There was something wonderfully magical about Viva Piñata. It was easy for tending to one’s garden to border on obsession, as building a sustainable ecosystem through both the comfort of nurture and the ruthlessness of nature, had me running home from work at lunchtime to briefly play god from the comfort of a beautifully manicured garden. From the second my first Whirlm crawled into my garden, who I proceeded to affectionately and maturely name Bellend, Rare’s world was the place I’d go home to at the end of the day. It was my secret garden, complete with trampoline.
And from the humble beginnings of your first Whirlm the garden will grow and so too will the ecosystem of the creatures that inhabit it. All manner of delightful looking creatures will stumble across your garden, sniffing around the edges, wanting to call it their home. And it will become your life’s purpose to accomodate them, to find a way to coax a couple of heart-meltingly adorable Galagoogoos onto your land, and then to get them randy enough to have a good old root in their lavish hutch. And by Jove you’ll have the best damn pedigree Piñata in all the land!
But before all this, you have to learn both the wonders and vicissitudes of life, that it can be beautiful at the same time as it can be cruel. As your ambitions as a gardener grow, and the beautiful family of four Whirlms you’ve tended to aren’t enough anymore, you’ll become ruthless in your pursuit of garden biodiversity. First it’ll be a Sparrowmint. And then another. But at some point you’ll want more than just the Bellend family and a couple of Sparrowmints hopping around on your perfectly mowed lawn. You want a Fudgehog and you want it bad. And that’s the precise moment your mind shifts from ‘maternal’ to mega-lo-mania.

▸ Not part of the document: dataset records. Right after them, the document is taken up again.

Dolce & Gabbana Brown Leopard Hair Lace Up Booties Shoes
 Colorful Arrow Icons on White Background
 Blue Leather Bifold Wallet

Just moments after you’ve seen the once lone Bellend raise a family of his own, with a wife and couple of kids roaming about the garden, you’re forced to the watch the family be torn apart. It all moves in slow motion as the Fudgehog that has been scoping the garden for days, watching the Bellend family from the outskirts of your prefab paradise, swoops in and attacks the unsuspecting littlest Whirlms. And a bloodbath ensues – or rather a lollybath – as the Fudgehog tears into paper exteriors to get to the deliciously sweet insides. But at tragic as it was watching the garden intruder tuck into little Bellend Junior and his sister Bellendette, that was the moment was when I realised that Viva Piñata was literally making me call the shots on nature, and decide which species would live and which would die and which I would sacrifice for the betterment of the garden. And so while you farm your flock of adorable and fluffy Goobaa it’s impossible to not feel guilty that you’re doing it knowing full well they’re head for the slaughter at the hands of a nearby carnivore.

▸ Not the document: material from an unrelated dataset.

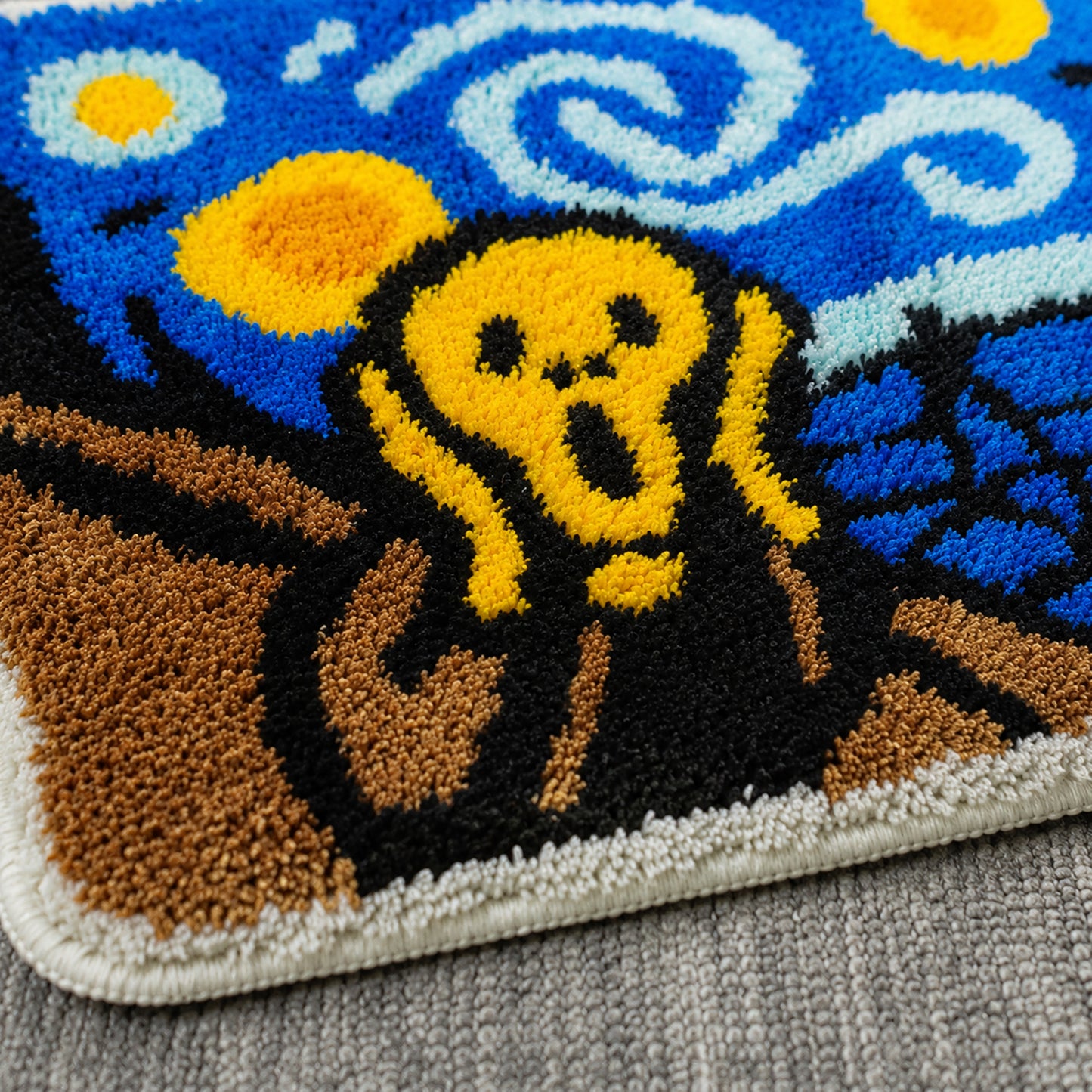 Feblilac Expressionist Art Tufted Bath Mat – The Scream x Starry Night Bath Mat – Artistic Tufted Rug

For me Viva Piñata took hold of my innate desire to play god, while tapping into that little obsessive corner of my brain to keep me throughly occupied with the more micro curating of an aesthetically pleasing but functional garden. A beautiful flower here, a lovely water-fern there, a gate to ease racial tensions everywhere. But while the game masquerades as a nice little sim-like game with cute-as-a-button characters and myriad of items both decorative and function to fill your garden with, it is actually a game that rather covertly teaches you about the fragility of biodiversity. And the worst part is that every step of the ecosystem’s food chain lives or dies by your choices.
No one said playing god would be easy.